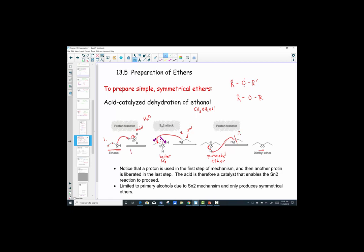Notice that a proton is a proton source in the acid-catalyzed reaction — it's used in the first step, but then another proton is liberated in the last step, which will perpetuate the SN2 reaction needing that acid catalyst. The acid catalyst must be used and then regenerated in the last step so the reaction can continue. This method is very limited because it can only produce symmetrical ethers.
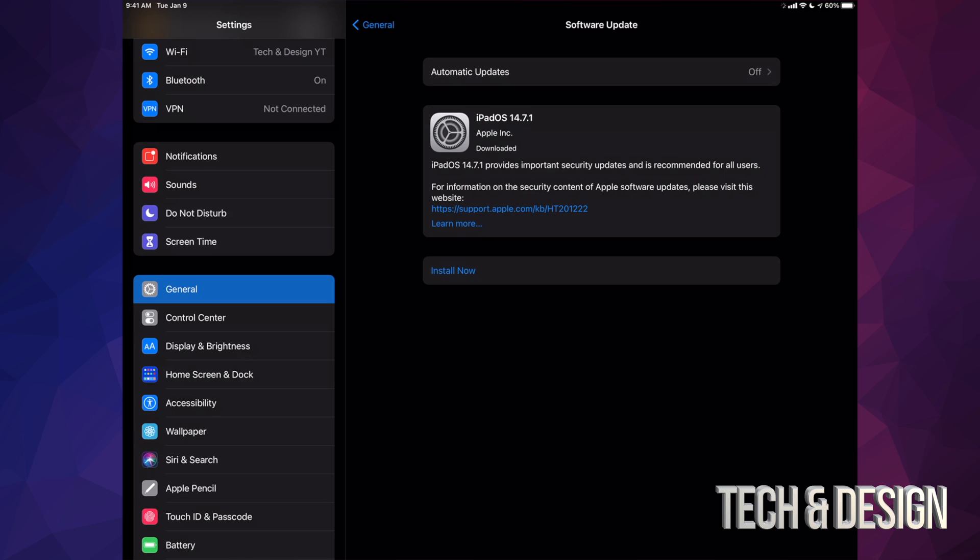Before I tap on install, let me just highlight that some of you may only see install now, and that only depends on your settings. Maybe that download already happened and all you had to do was install, which is perfectly fine.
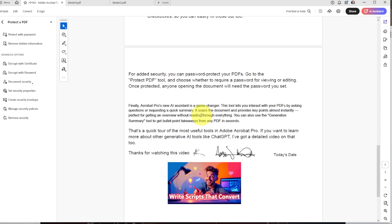With that, you are now using more of the tools in Adobe Acrobat. These are some of the key features I use pretty often to help you use Adobe Acrobat like a pro. Hope this video was helpful, and I'll see you in the next one.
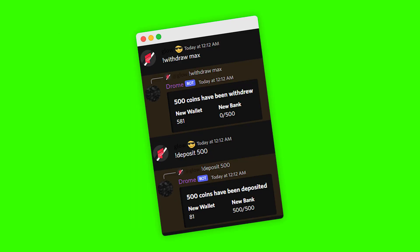Welcome back to another episode of our economy currency series. Today we'll be creating two more commands for our bot, which is withdraw and deposit. So without further ado, let's get straight into it.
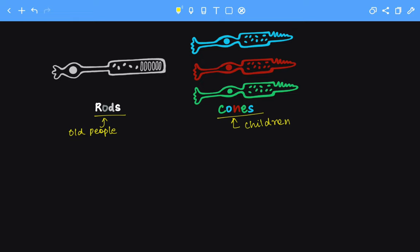So this can be learned with our trick that rods are associated with old people, and old age is a dark period. Hence, rods are associated with vision during the dark period. While cones are associated with children, and childhood is a very bright and fun period. Hence, cones are associated with photopic vision or vision during the bright period.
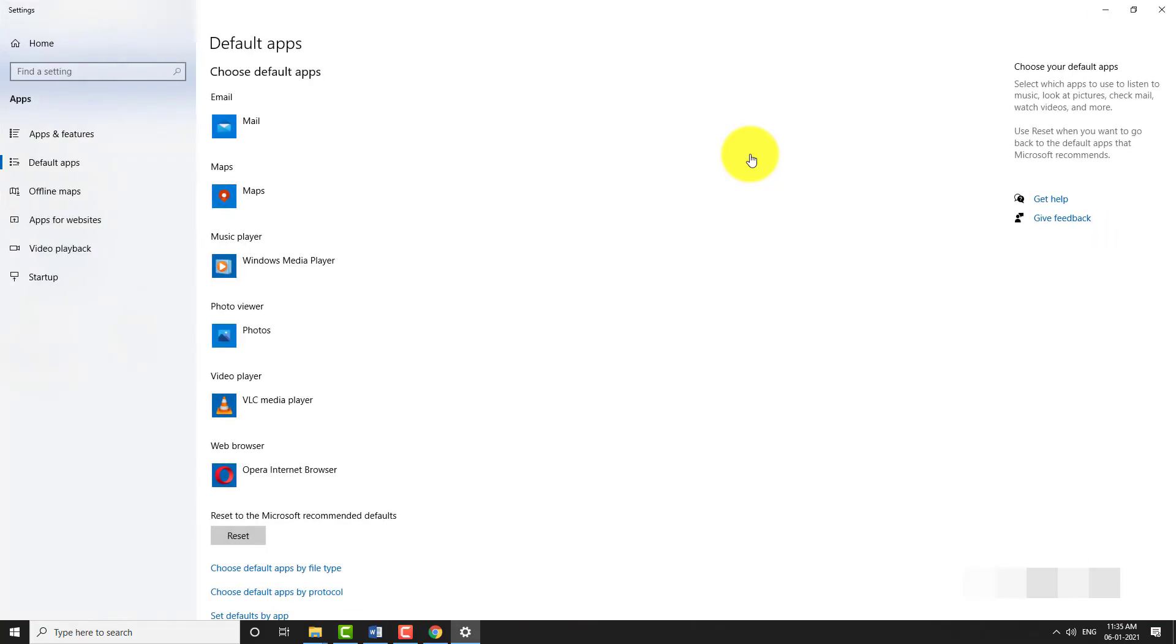Scroll down to web browser section and choose Google Chrome as default browser.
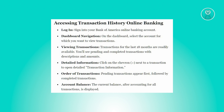From the dashboard, choose the specific account you wish to review transactions for. Transactions from the past 18 months are easily accessible via your account, featuring both pending and completed transactions along with descriptions and amounts.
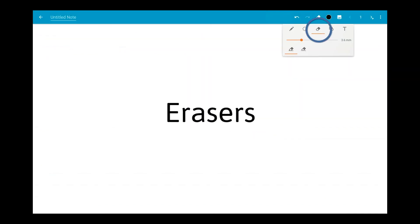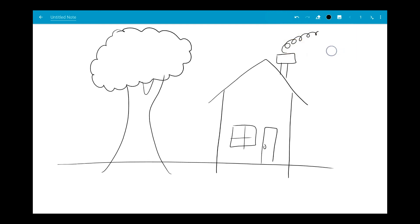There are two types of erasers in Squid. The default is the stroke eraser and it will erase the whole stroke of anything it touches.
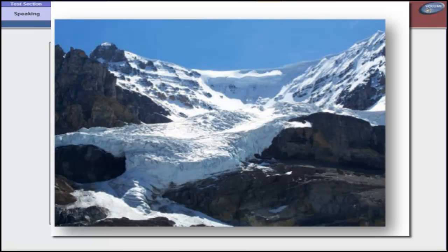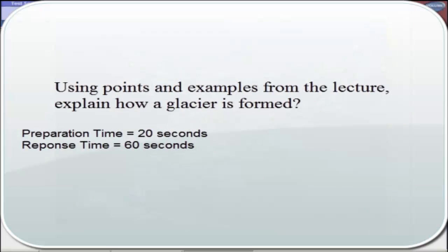Eventually, the weight of the glacier becomes so heavy that it begins to move downhill due to the forces of gravity. Using points and examples from the lecture, explain how a glacier is formed.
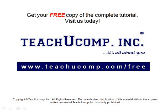Get your free copy of the complete tutorial at www.teachucomp.com forward slash free.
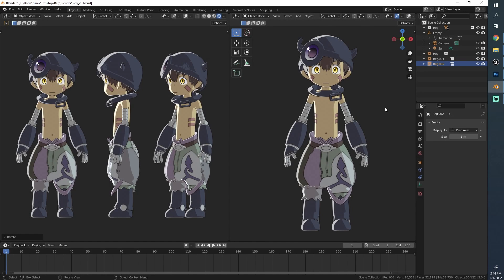Hello everyone and welcome back to another big series here on this channel. My name is Daniel and in this very long tutorial I want to show you the entire process of creating a character in Blender 3.0.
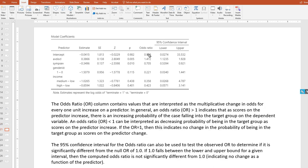The odds ratio column contains values interpreted as a multiplicative change in odds for every one unit increase on a predictor. In general, an odds ratio greater than one indicates an increasing probability of falling into the target group as scores on the predictor increase. An odds ratio less than one can generally be interpreted as a decreasing probability of being in the target group. The 95% confidence interval for the odds ratio can also be used to test whether the observed odds ratio is statistically significantly different from the null hypothesized odds ratio of one. If one falls between the lower and upper bound of a given interval, the computed odds ratio is not statistically significantly different from one, indicating no change as a function of the predictor.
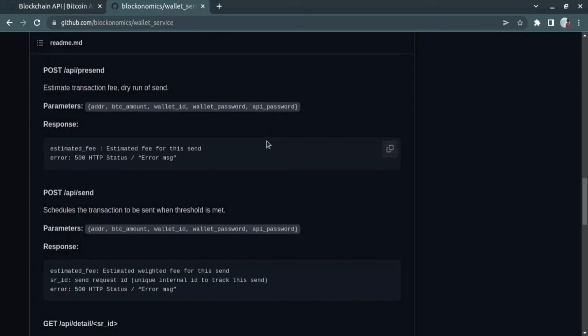Hope you guys have understood about the wallet service and the installation procedure. If you have any doubts, you can put them in the comment section. The link to the GitHub projects and other important links have been linked in the description below. Do not forget to visit our Reddit and Twitter pages, which are also linked in the description. Keep using Blockonomics. Bye-bye.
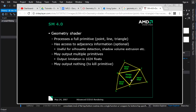In shader model 4, the geometry shader can actually do even more: not only does it see the vertices of the triangle it's working on, it also sees the extra vertices of adjacent triangles. So in certain operational modes it has a large amount of information available to work with.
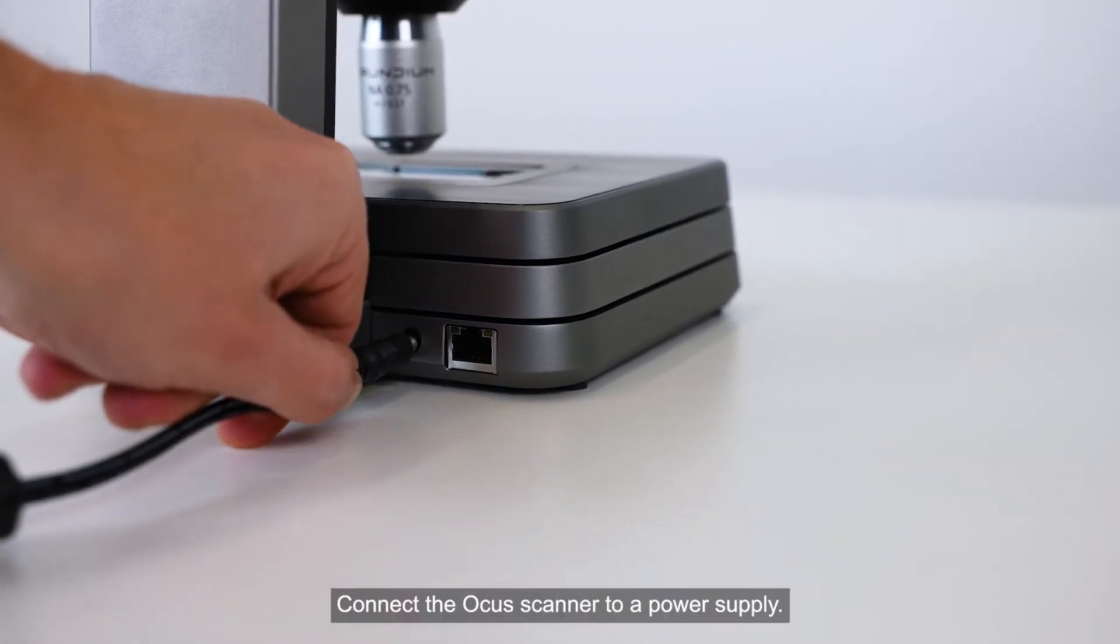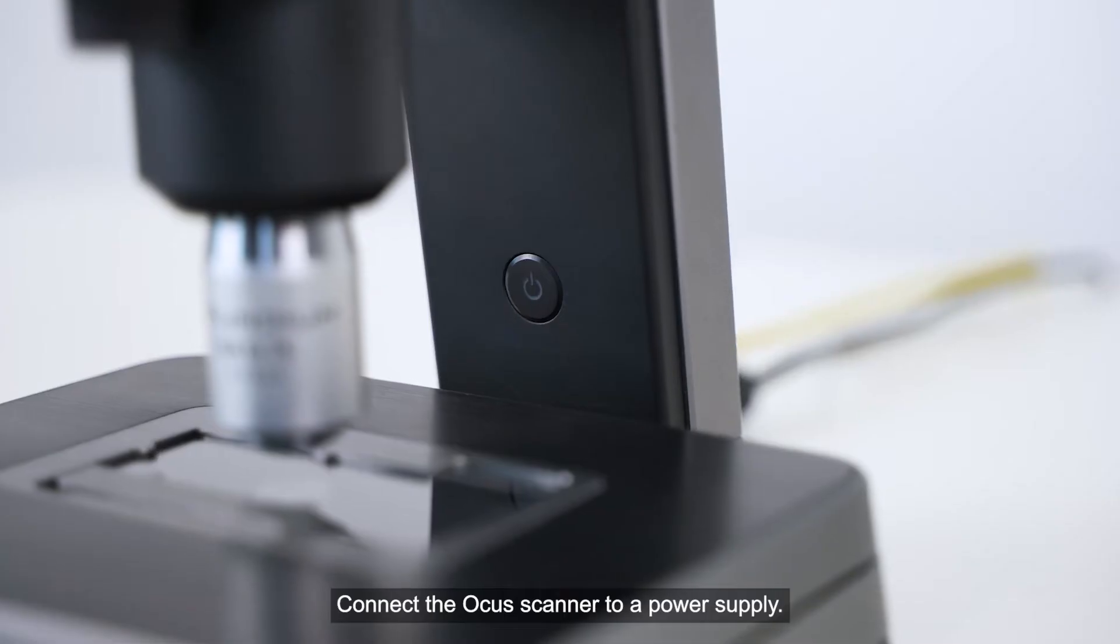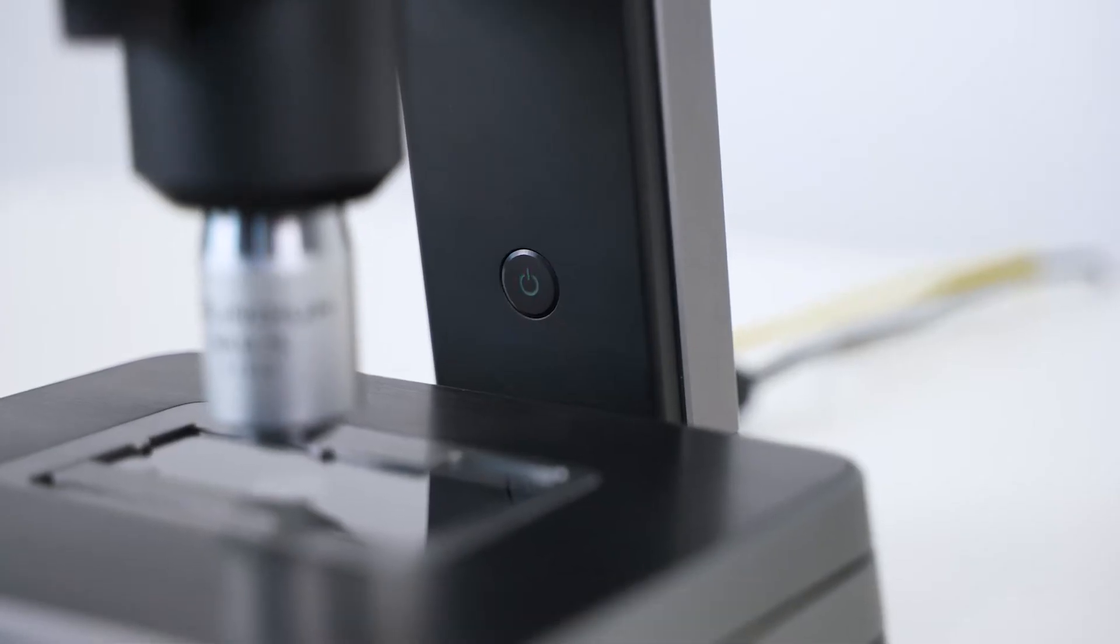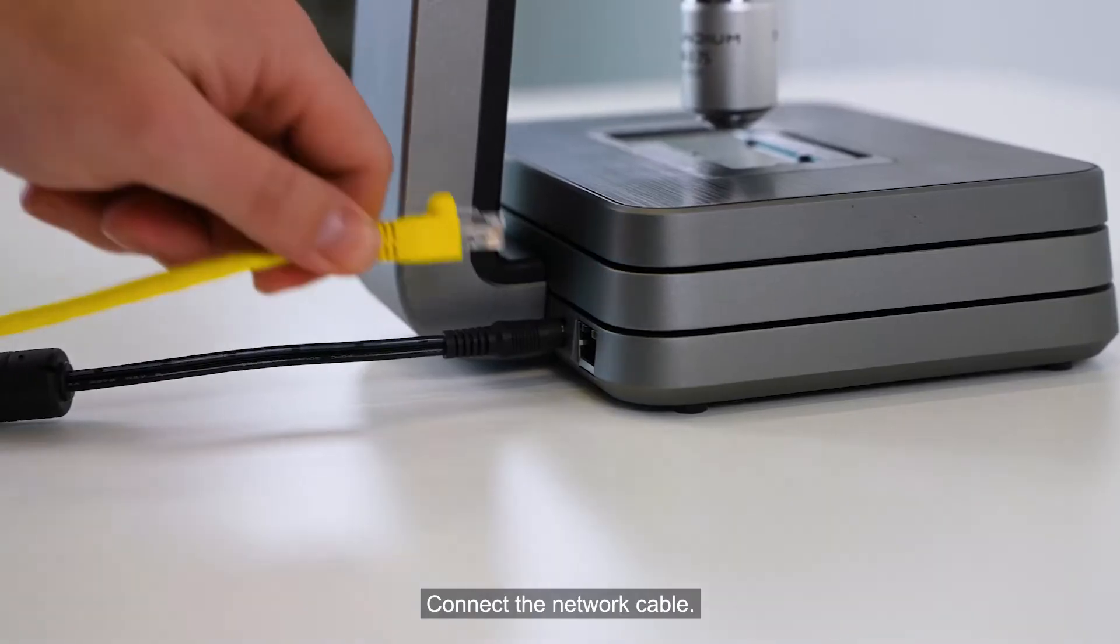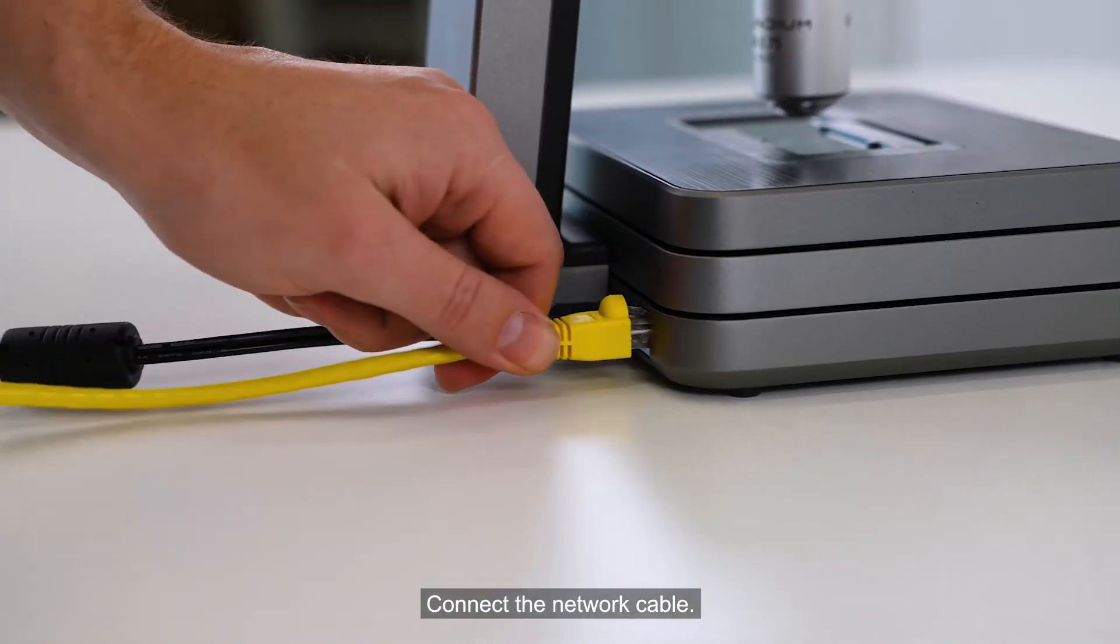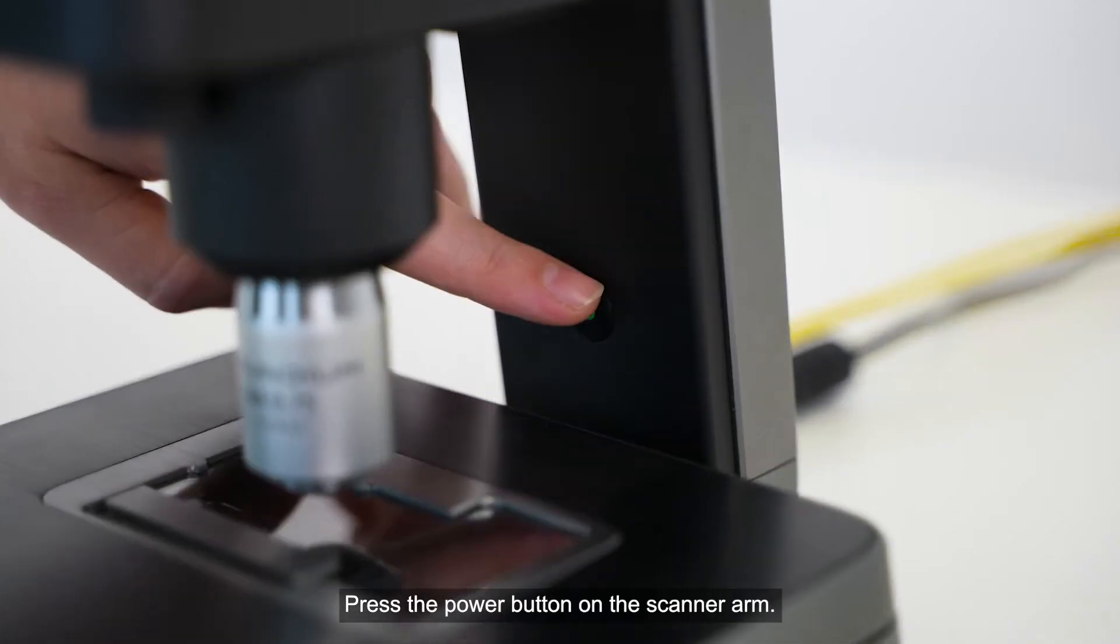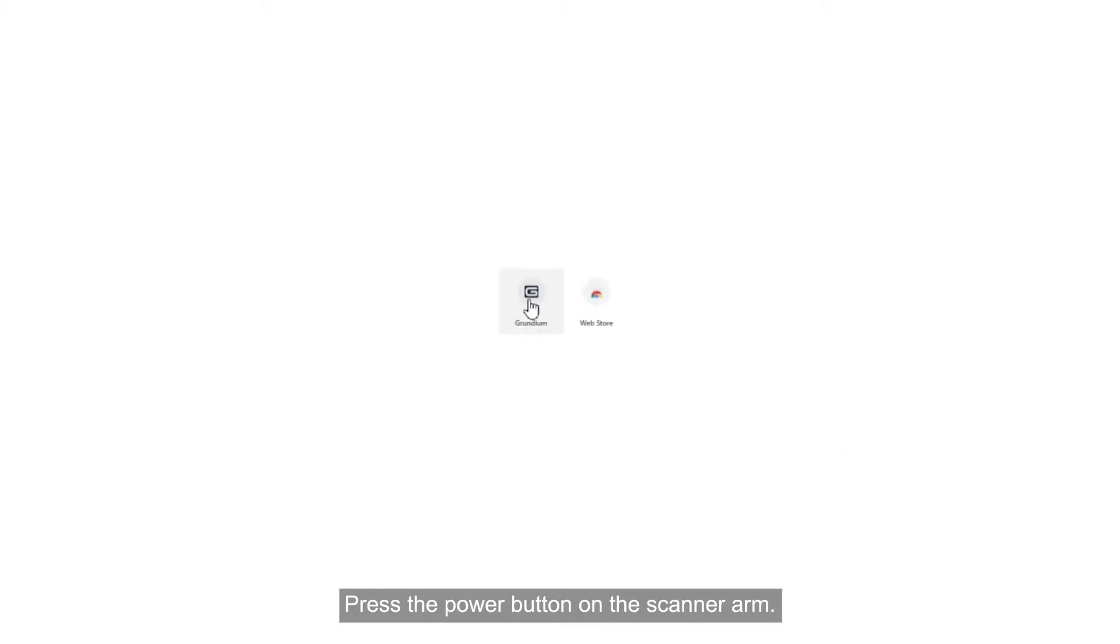Connect the Ocus scanner to a power supply. Connect the network cable. Press the power button on the scanner arm.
......
[Task to complete]: Pictures aside, return all the entries above exactly.

[Answer to this exercise]:
Notice that a proton is a proton source in the acid-catalyzed reaction — it's used in the first step, but then another proton is liberated in the last step, which will perpetuate the SN2 reaction needing that acid catalyst. The acid catalyst must be used and then regenerated in the last step so the reaction can continue. This method is very limited because it can only produce symmetrical ethers.
Before I tap on install, let me just highlight that some of you may only see install now, and that only depends on your settings. Maybe that download already happened and all you had to do was install, which is perfectly fine.
With that, you are now using more of the tools in Adobe Acrobat. These are some of the key features I use pretty often to help you use Adobe Acrobat like a pro. Hope this video was helpful, and I'll see you in the next one.
Welcome back to another episode of our economy currency series. Today we'll be creating two more commands for our bot, which is withdraw and deposit. So without further ado, let's get straight into it.
So this can be learned with our trick that rods are associated with old people, and old age is a dark period. Hence, rods are associated with vision during the dark period. While cones are associated with children, and childhood is a very bright and fun period. Hence, cones are associated with photopic vision or vision during the bright period.
Scroll down to web browser section and choose Google Chrome as default browser.
From the dashboard, choose the specific account you wish to review transactions for. Transactions from the past 18 months are easily accessible via your account, featuring both pending and completed transactions along with descriptions and amounts.
There are two types of erasers in Squid. The default is the stroke eraser and it will erase the whole stroke of anything it touches.
Eventually, the weight of the glacier becomes so heavy that it begins to move downhill due to the forces of gravity. Using points and examples from the lecture, explain how a glacier is formed.
Get your free copy of the complete tutorial at www.teachucomp.com forward slash free.
Hello everyone and welcome back to another big series here on this channel. My name is Daniel and in this very long tutorial I want to show you the entire process of creating a character in Blender 3.0.
The odds ratio column contains values interpreted as a multiplicative change in odds for every one unit increase on a predictor. In general, an odds ratio greater than one indicates an increasing probability of falling into the target group as scores on the predictor increase. An odds ratio less than one can generally be interpreted as a decreasing probability of being in the target group. The 95% confidence interval for the odds ratio can also be used to test whether the observed odds ratio is statistically significantly different from the null hypothesized odds ratio of one. If one falls between the lower and upper bound of a given interval, the computed odds ratio is not statistically significantly different from one, indicating no change as a function of the predictor.
Hope you guys have understood about the wallet service and the installation procedure. If you have any doubts, you can put them in the comment section. The link to the GitHub projects and other important links have been linked in the description below. Do not forget to visit our Reddit and Twitter pages, which are also linked in the description. Keep using Blockonomics. Bye-bye.
In shader model 4, the geometry shader can actually do even more: not only does it see the vertices of the triangle it's working on, it also sees the extra vertices of adjacent triangles. So in certain operational modes it has a large amount of information available to work with.
Connect the Ocus scanner to a power supply. Connect the network cable. Press the power button on the scanner arm.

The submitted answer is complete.